Start of Dataset excerpt

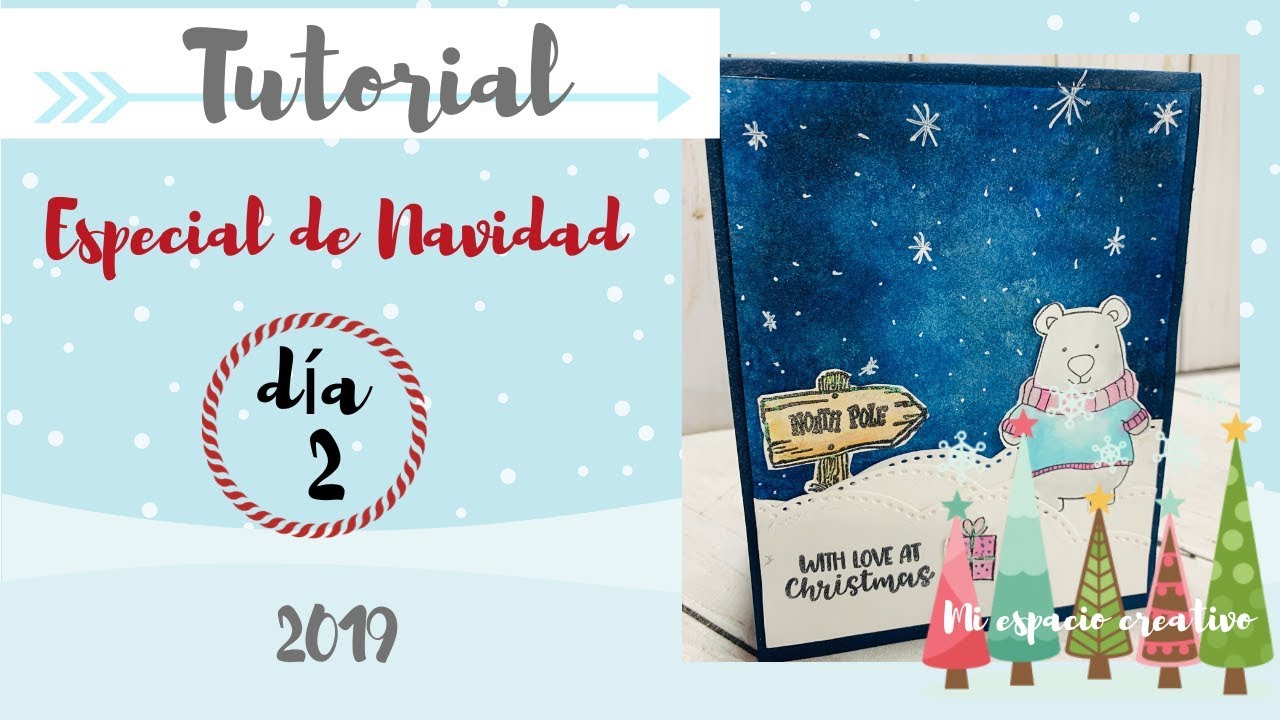 TUTORIAL especial tarjetas y tags de navidad SCRAPBOOKING / Dia 2 - 2019 / creamos un fondo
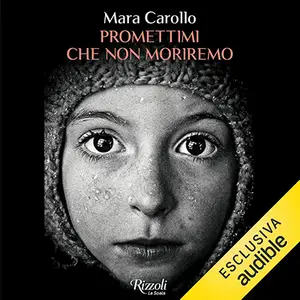 «Promettimi che non moriremo» by Mara Carollo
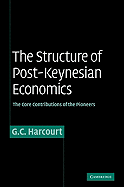 The Structure of Post-Keynesian Economics: The Core Contributions of the Pioneers - Harcourt, G C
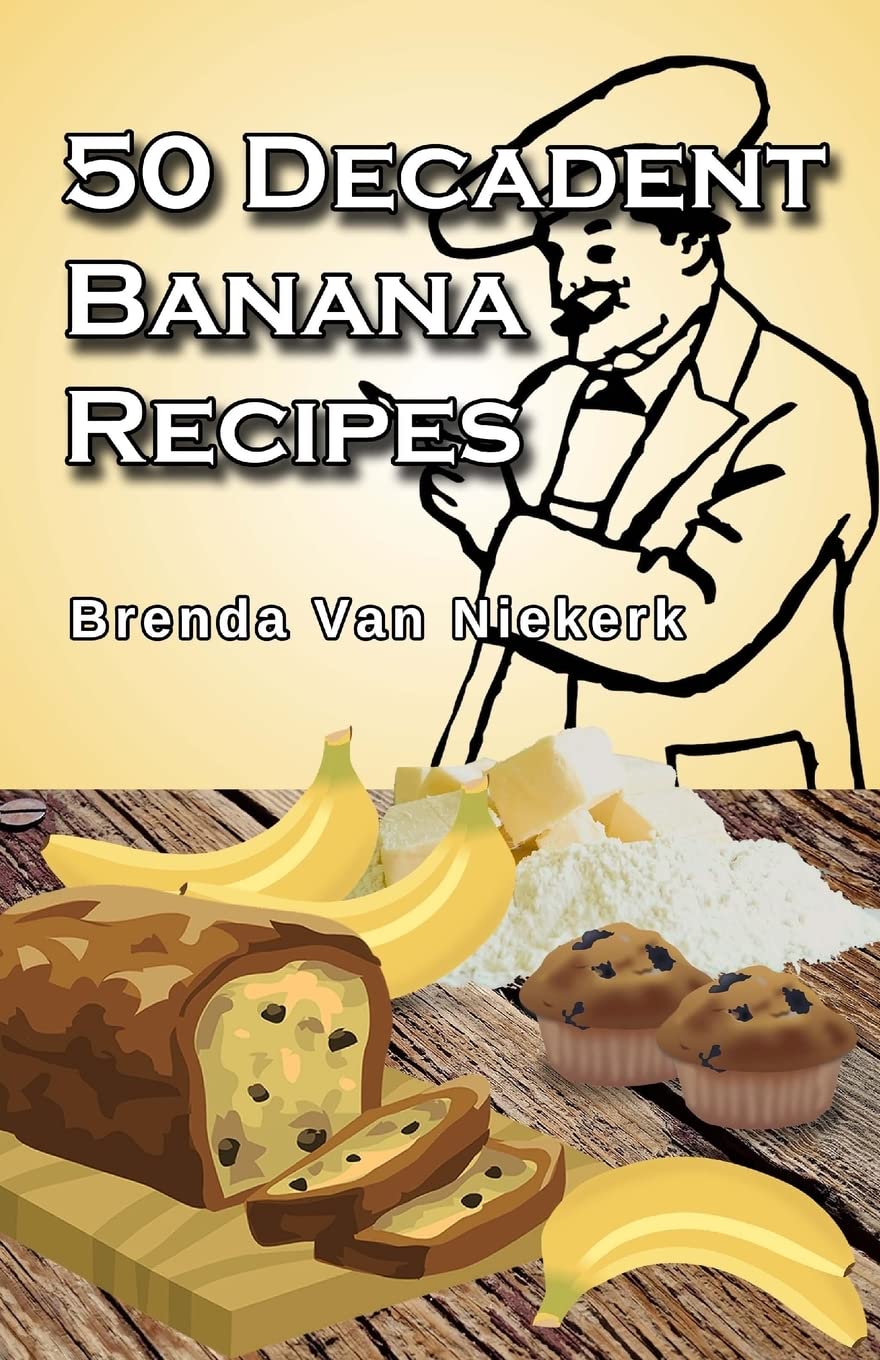50 Decadent Banana Recipes Leisure, Home & Garden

End of Dataset excerpt

◆ **What the task asks**
Without the pictures, retype exactly the lines from the one that holds "The Structure of" to the last line of the data above, both of them included.

◆ **Written response**
 The Structure of Post-Keynesian Economics: The Core Contributions of the Pioneers - Harcourt, G C
50 Decadent Banana Recipes Leisure, Home & Garden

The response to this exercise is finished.